8 August 2006
New light on prehistoric Bosque County man
In the late 1960s, archaeologists Albert Redder and Frank Watt began carefully uncovering an ancient burial site that slowly gave Bosque County (Texas, USA) a glimpse into its distant past. Decades later, the relics they found are upending long-cherished notions about North America’s earliest inhabitants.
Among other things, the prehistoric Bosque County man found buried — a figure estimated to be up to 10,000 years old and endowed with European features — is kicking dust on the old theory that early-day Americans with Mongoloid features strolled over the Bering Strait from Asia, and from nowhere else.
The prehistoric Bosque County man and the dig site — dubbed the Horn Shelter after late landowner Herman Horn — are featured on a National Geographic television show and a new exhibit at the Bosque Memorial Museum here. Both debut this fall.
Although Watt and Redder finally uncovered the remains of an adult male and a juvenile along with numerous mass goods in 1970, excavation of the area continued well into the 1990s, courtesy of many helping hands, including the Central Texas Archaeological Society. Watt worked till his death in the 1980s. Redder, now 84, continued on well afterward.
Museum director George Larson says a grant from the Institute for Museum and Library Sciences in Washington, D.C., will be used to help create a nearly $250,000 exhibit at the local museum that mimics the Horn Shelter, complete with rock walls and replicas of the burial goods. The wealth of material found at the site — a bone needle, claws and teeth from badgers, coyotes and hawks, and several deliberately placed turtle shells — offers some insight into what the prehistoric man buried there may have represented to his community.
Current tests on the juvenile skeleton aren’t conclusive, but scientists believe the remains are those of a 10-year-old girl. Radiocarbon dating indicates the bones found at the Horn Shelter are anywhere between 9,500 and 10,000 years old, local museum curator LaVerne Dutton said.
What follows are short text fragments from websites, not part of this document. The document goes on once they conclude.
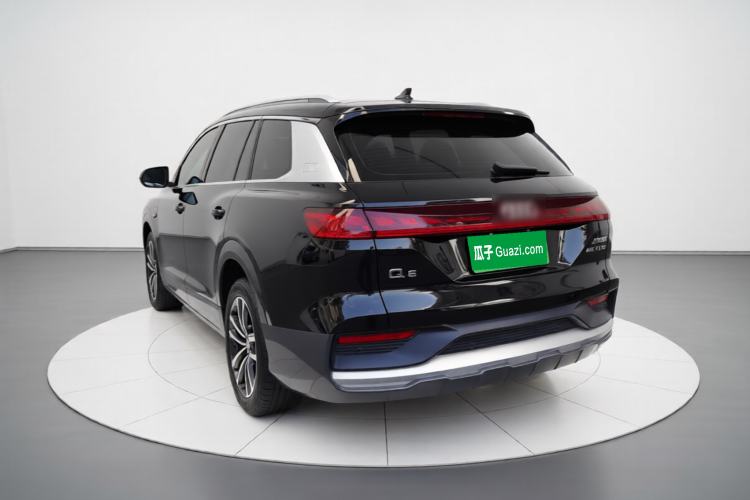 Used Audi Q6 2024 45 TFSI quattro Qiyun Edition Yulin Package 7 Seats Rear Left 45 Deg
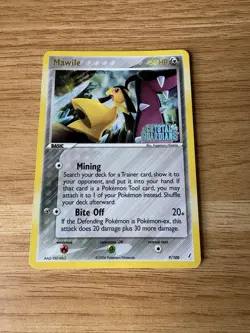 Pokemon TCG Mawile EX Holo Rare Crystal Guardians 9/100 - Image 2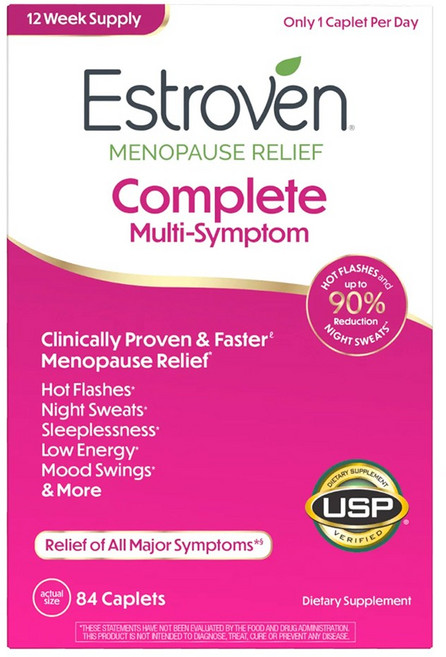 에스트로벤 여성 갱년기 영양제 84정, 1개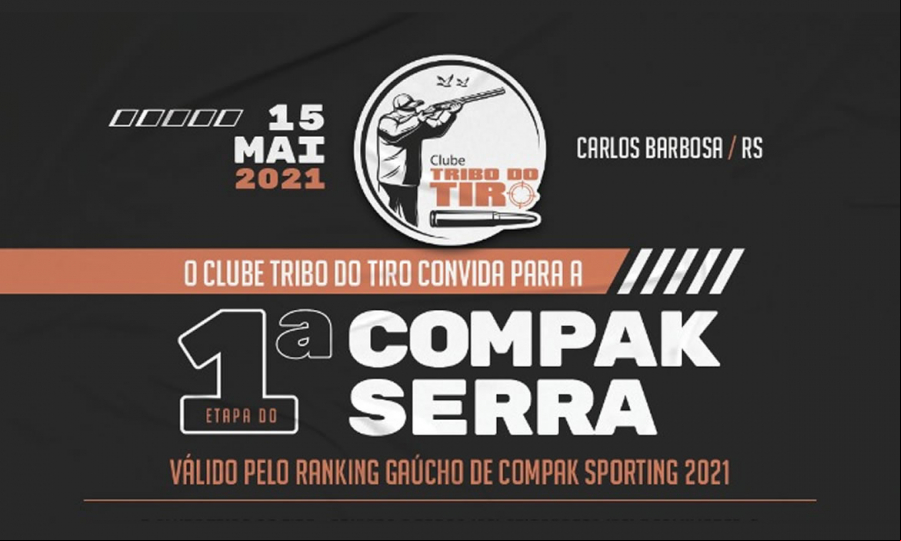 [PROVA REALIZADA] - Prova de Compak no Clube Tribo do Tiro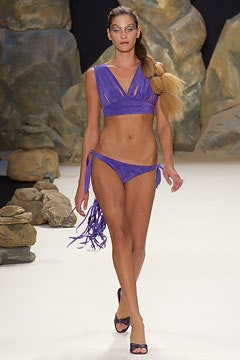 Jeremy Scott fashion show for Spring/Summer 2003
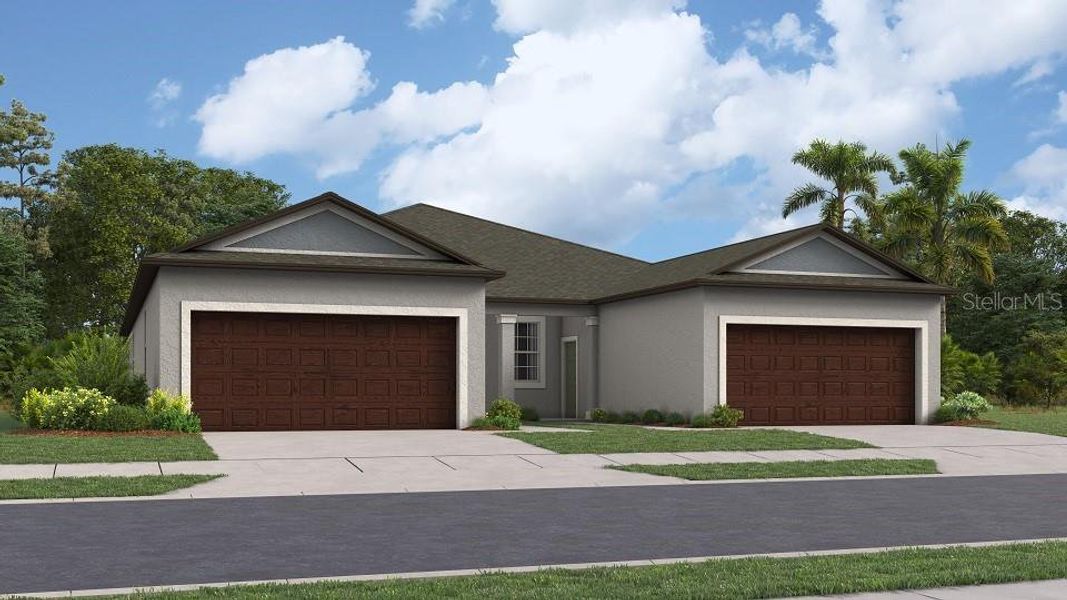 New construction Single-Family house 12521 Lily Quartz Loop, Parrish, FL 34219 - photo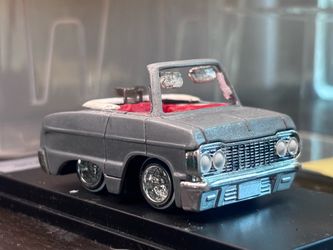 CAR-TUNED CUSTOM Lowrider Convertible Die-Cast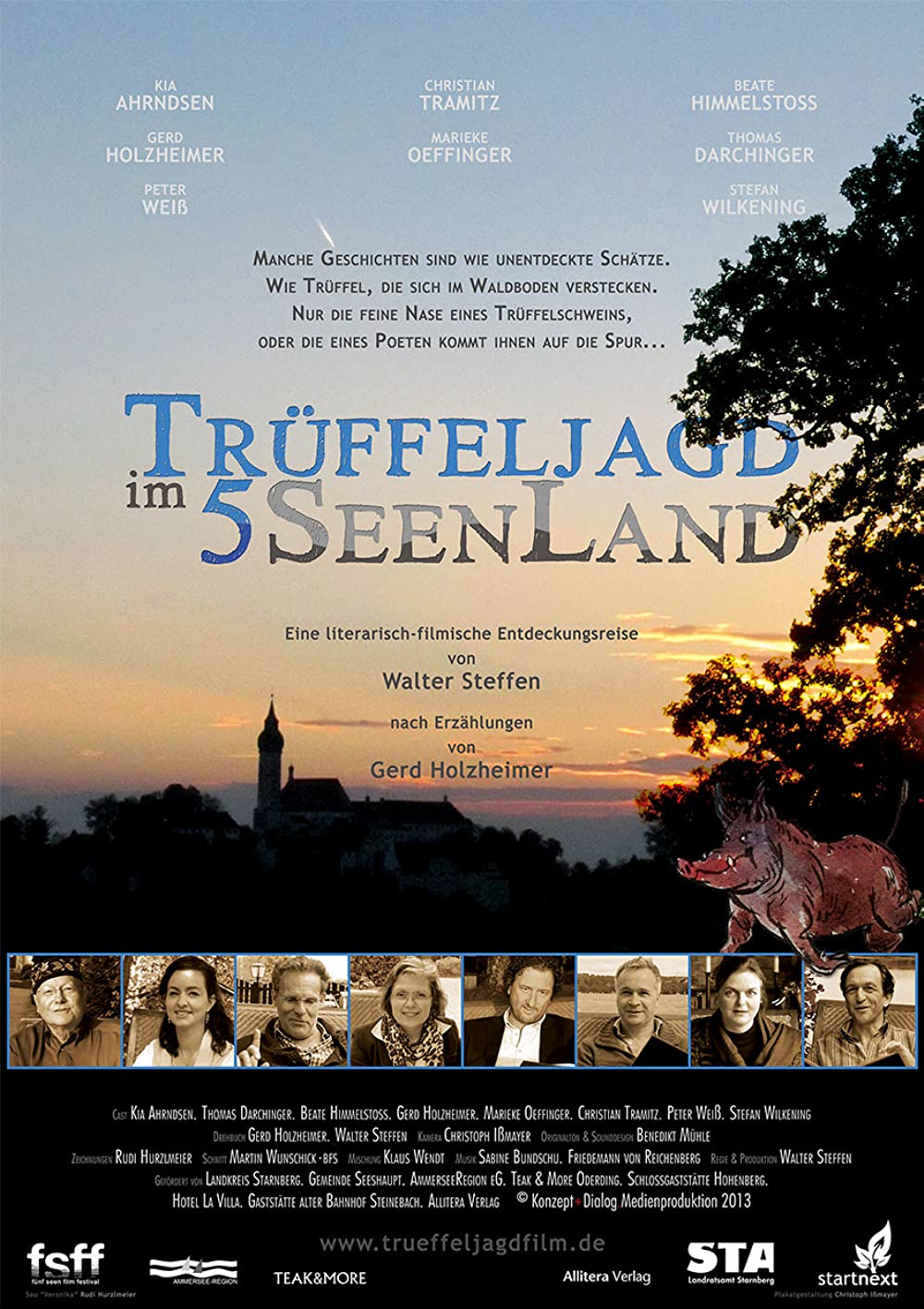 Tr?ffeljagd im F?nfseenland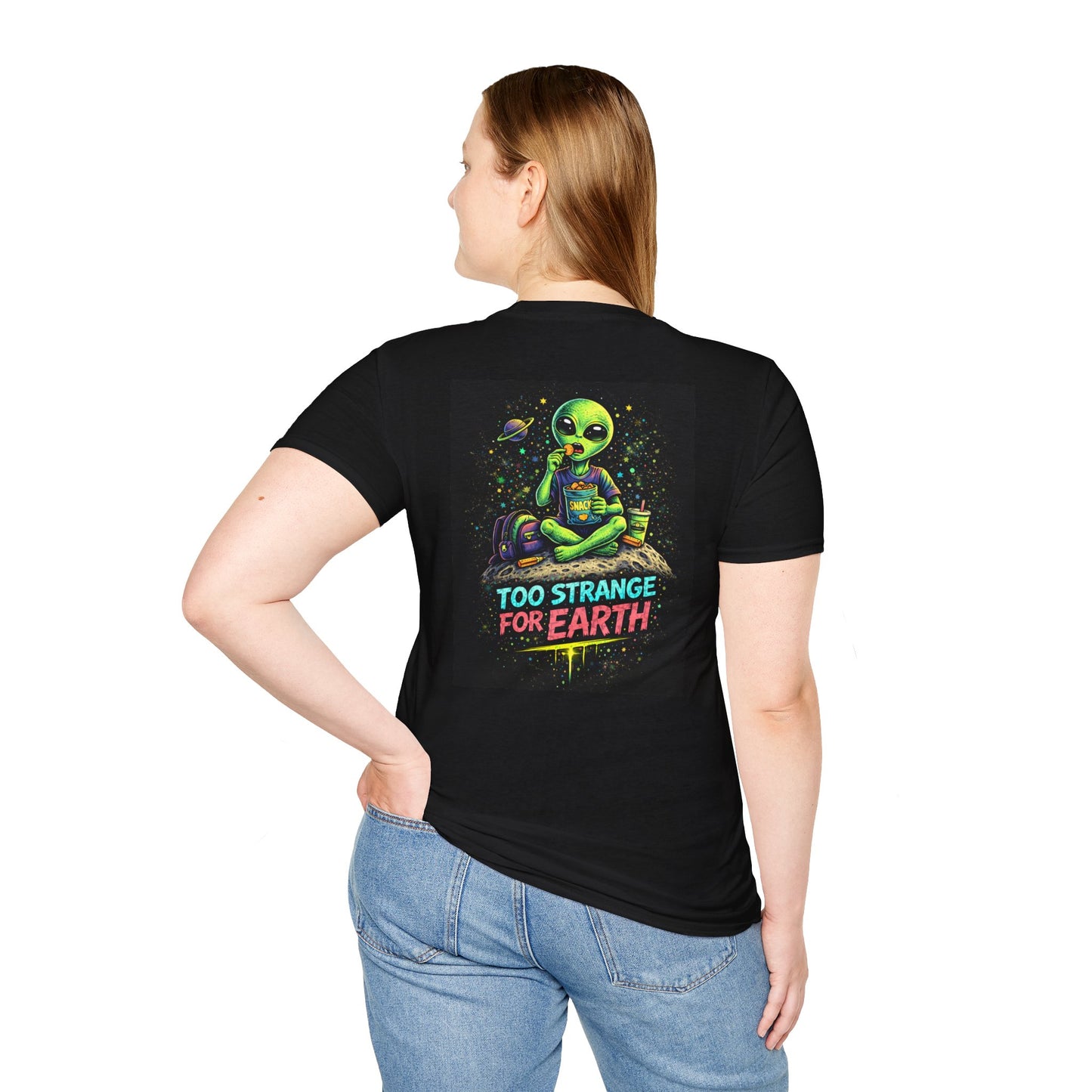 Too Strange For Earth – Punk Kids Glow Tee | Punks Live Forever - Punks Live Forever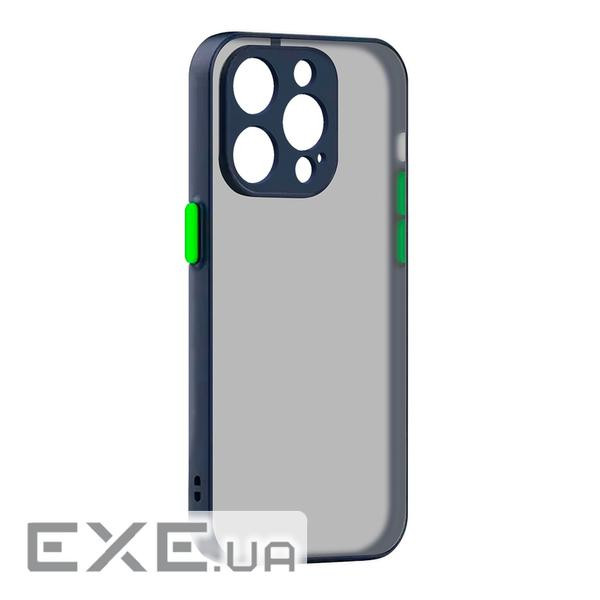 Чохол для моб. телефону Armorstandart Frosted Matte Apple iPhone 14 Pro Navy Blue (ARM64483)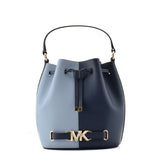 Women's Handbag Michael Kors Reed Blue 21 x 20 x 12 cm-0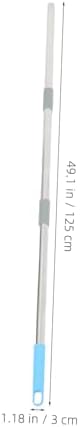 12M Stainless Steel Mop Handle Replacement for Wet Mops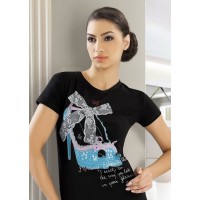 Derya Kurşun 275 Bayan T-Shirt 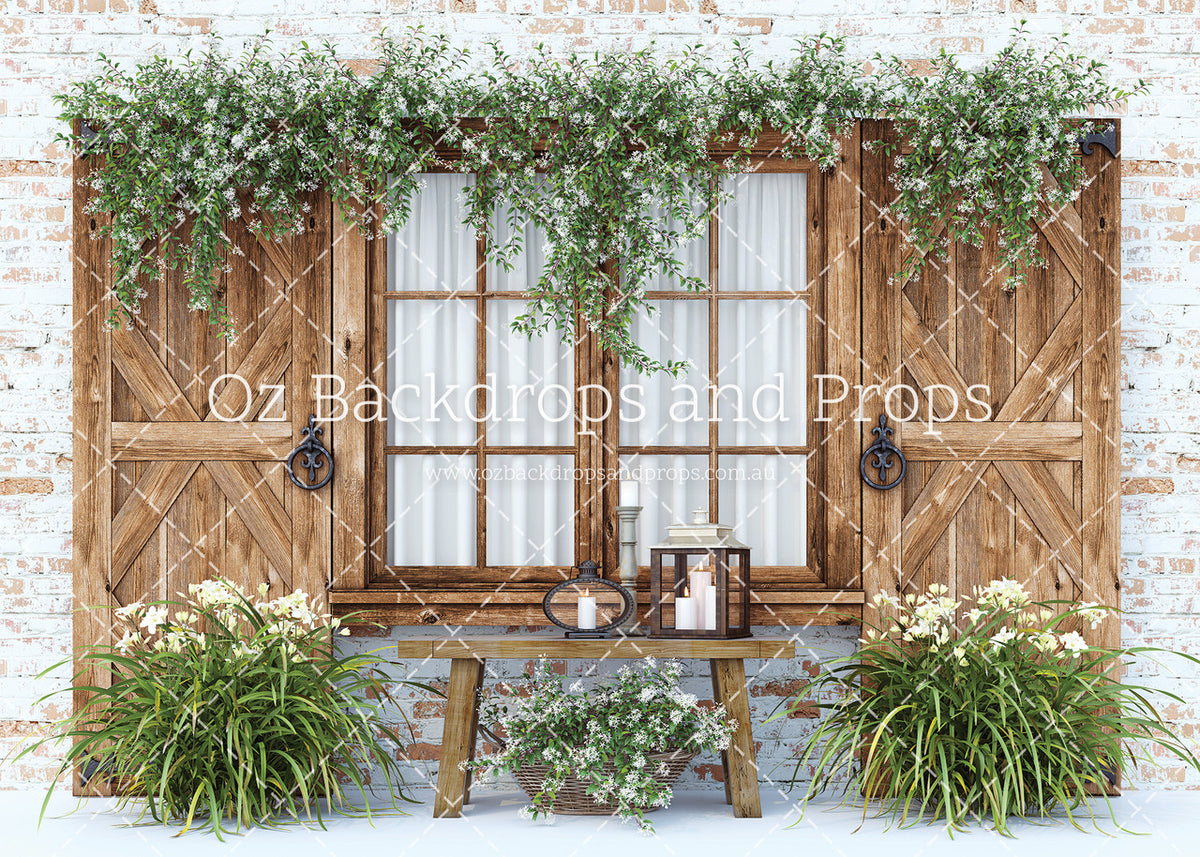 Rustic Country Cabin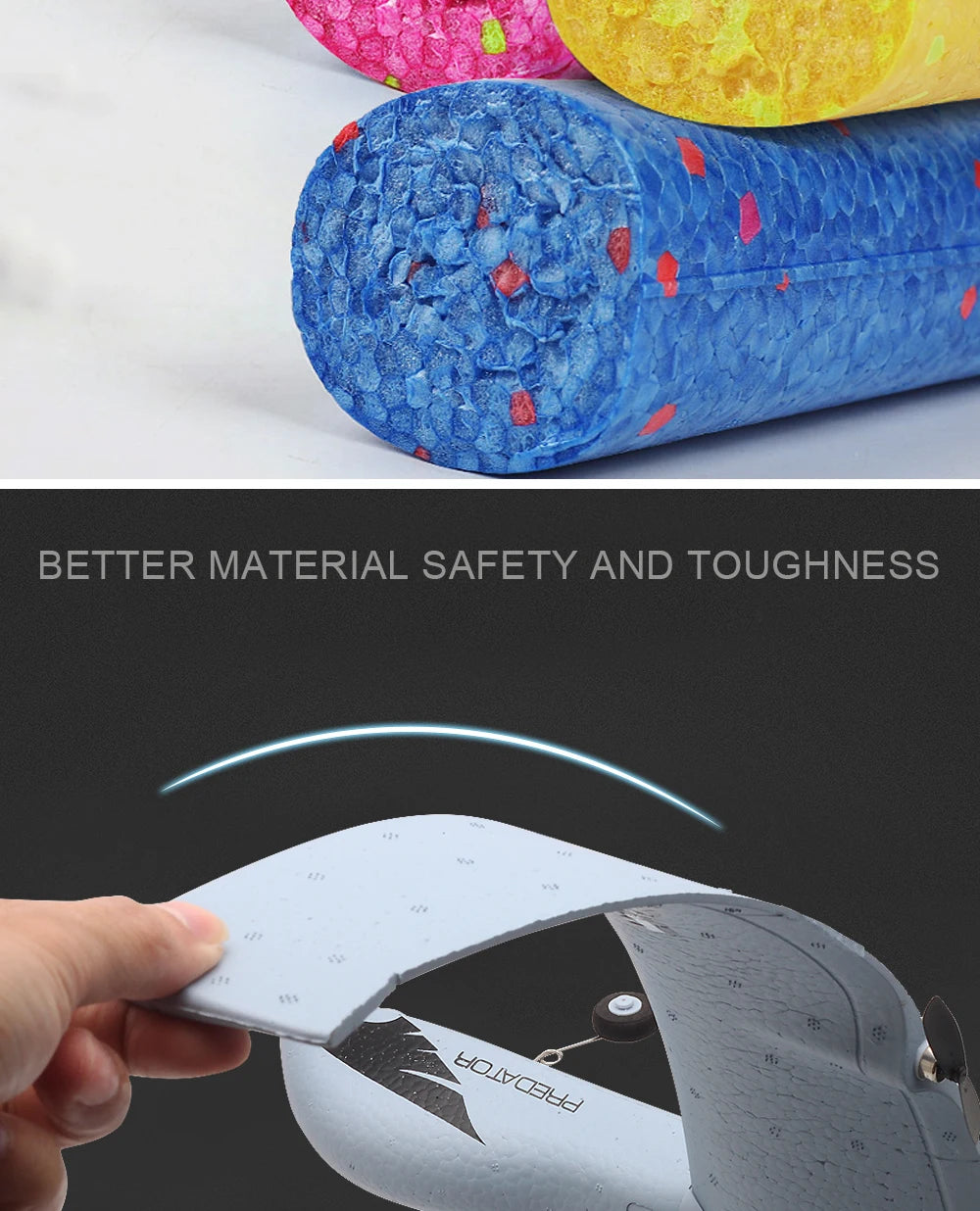 BETTER MATERIAL SAFETY AND TOUGHNESS HOLVO3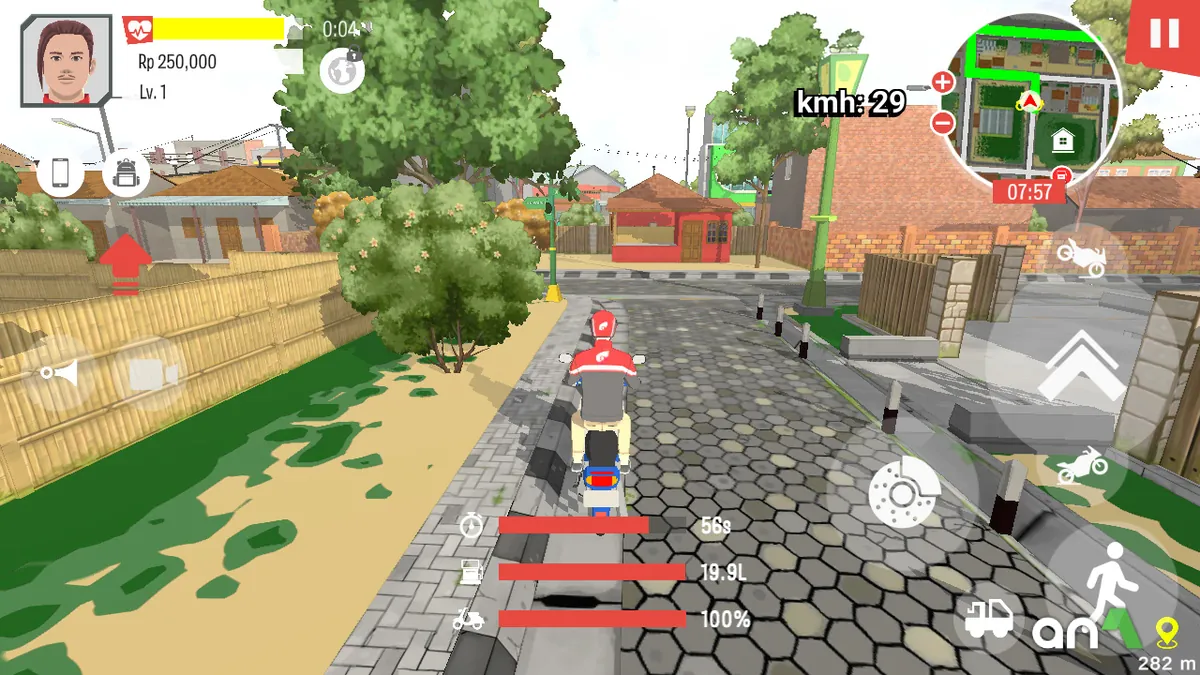 Ojol Life gameplay screenshot 3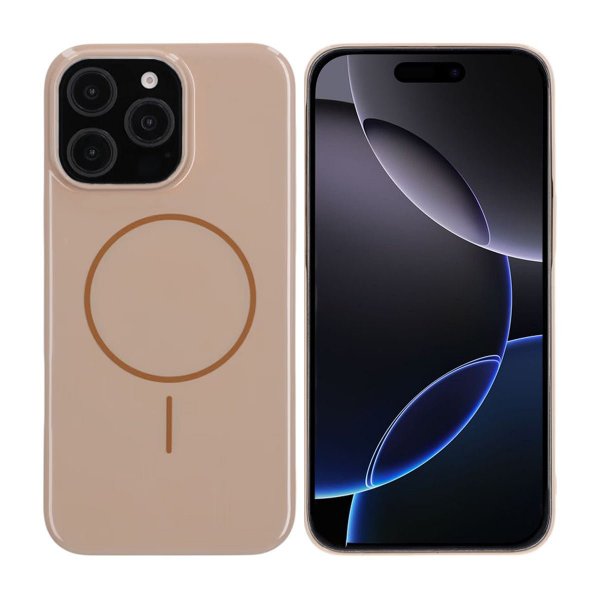 iPhone 16 Pro Max Skal TPU MagSafe Blank Guld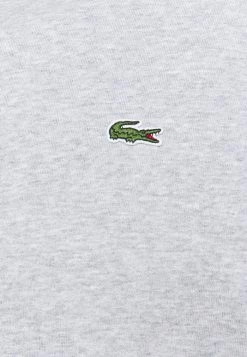 Lacoste Sweatshirt - Silver Chine/elephant Grey -Lacoste Soldes Magasin 1d89c651bd2b40fe9511a65e94162c9b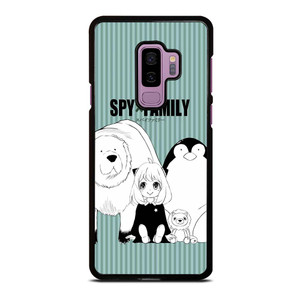ANYA AND BOND FORGER SPY FAMILY MANGA ANIME Samsung Galaxy S9 Plus Case Cover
A physical anthropologist, Owsley is conducting long-term research into bones and artifacts from the site.
"The shape of the back of the head is a big indicator" that the man was not related to the Indians that most Texans are familiar with, Dutton said. That and certain facial elements have led Owsley and Dutton to believe the Horn Shelter residents may be related to the Ainu, an ancient people who lived in northernmost Japan. However, they stress, the exact origin of the Horn Shelter pair has yet to be determined.
Traditional belief holds that early Americans came to the continent only by crossing a land bridge between North America and Asia, Dutton says, but "now we believe folks came into the Americas in multiple ways, from multiple directions." One strong indication of this change in thought comes from what archaeologists are finding at other burial sites — tools of both Siberian and European origin. "There are 13 sites in the U.S. with paleoskeletal remains, and only three sites with burial remains," Larson said. "It’s almost as if we opened King Tut's tomb."